Plato's Republic in My Little Pony

It is understandable that the less bronified among you may think that My Little Pony: Friendship Is Magic is just a children's cartoon with a somewhat eccentric fan base. But this image has no more reality than a shadow projected on a wall. In truth, My Little Pony is a sophisticated exploration of human society and experience. Starswill the Goateed argues that the cartoon is an explanation of the philosopher Plato's seminal work The Republic.

In Kallipolis, Plato's ideal society depicted in The Republic, people are divided into different classes that provide for a specialization of labor. Starswill describes at length how the three major types of ponies (Earth ponies, unicorns and pegasi) exhibit these classes. The unicorns are, from a modern and especially Marxist reading, Plato's Guardians:

The greatest challenge with connecting the pony sub-species with Kallipolis’s three classes comes with the Unicorns. Twilight Sparkle, a Unicorn, is clearly undergoing training and education akin to that of one of Kallipolis’s Guardians in training; like a Guardian, she lives in a publically owned building that was temporarily given to her, the Ponyville Library. However, as far as has been revealed, she is alone in her training for future leadership. Equestria has two heads of state, and they are of the few living members of the mysterious Alicorn race. Other Unicorns, like Fancy Pants, occupy positions of importance in society, but they hold private property and receive no special treatment from Celestia.

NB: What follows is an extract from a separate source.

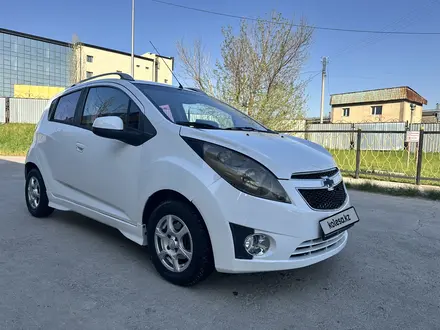 Chevrolet Spark 2011 года за 3 000 000 тг. в Шымкент – фото 2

While much of Republic is timeless, certain parts describe a social order that only existed in Classical Greece. There will always be under Plato’s system a producer class, a civil servant and military class, and a ruling class, but the specifics change with the times. On Earth, the industrial revolution allowed labor power to be collected into a small area; this made it far easier for businessmen to control the production of goods. A factory owning class, termed the bourgeoisie by Karl Marx, acquired much wealth and soon became the dominant social class. The limited presence of machines seen in the show, like the Super Speedy Cider Squeezy, suggests that Equestria is beginning a period of industrialization.

The Unicorns of My Little Pony hold most of their power through business, acting as the Equestrian bourgeoisie. Only Unicorns can run newly invented magical machinery. A few, like Flim and Flam, try to industrialize agriculture with their more efficient methods of production. The combined cultural and economic elite in Canterlot high society mirror the bourgeois elite of the 19th century. In this way, Unicorns are rulers, but in a more modern sense.

Link | Images: The Hub, Marie-Lan Nguyen


Very interesting, but incomplete in that it really only addresses four of the Mane 6, simply ignoring the two who don't fit his model. Functionally, Rarity's role in Equestrian society seems not that different from Applejack's or Pinkie Pie's -- she's more a producer than a ruler. I think you'd have to push his Marxist model pretty far to include her in the bourgeoisie and not the others. And where in Celestia's name is Fluttershy? Rainbow Dash certainly bears out his analogy between pegasi and Plato's Auxiliaries, but he doesn't even mention her polar opposite Fluttershy. Discrepancies can exist, but with only six characters to address, they need to be accounted for. Fun though!